I just saw a woman parallel park a horse. Awesome. Only in New York..
so i completely puked my brains out. a lot. he held me up so i could brush my teeth. then we proceeded to hook up for the next four hours.
he's a keeper
i think i just witnessed the elusive male walk of shame
Woke up this morning 8 levels higher in Call of Duty then when I started drinking... told you I was better when I was drunk.
I just bedazzled my weight watchers points calculator. You can tell I'm gay.
Referring to yourself in third person during sex is apparently an instant turn off
i think that after ALREADY drinking that much, the tube shots may have been a bad idea.. i mean afterall, i did wake up and find my cell phone IN the bonfire the next morning.
Bro, did you watch that scooby doo porn I sent to you?
I don't remember... but puking on the bar sounds like me.
I jumped out of a moving car going sixty into my driveway because I had to shit so bad.
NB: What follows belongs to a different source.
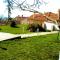 House Mirlevi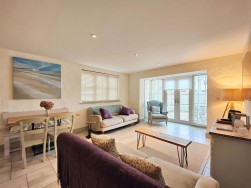 West Street, Newport, SA42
It is not a good day today.
So what you're saying is that The Magic Kingdom is ruining our plans to get laid?
Something I never want to forget. I'm in a porta potty and she is outside knocking on the door going "You're a queen. You're a queen. Never think any different"
Dude, no, you tried to sleep on the stove. I mean. You were pissed when I stopped you... but I couldn't have you catching on fire in my house.
Honestly, you can’t tell the whole sorority he has a donkey dick and expect that no one would sleep with him after you broke up
It’s only loud for those who wanna get loud. The bowlers are protected.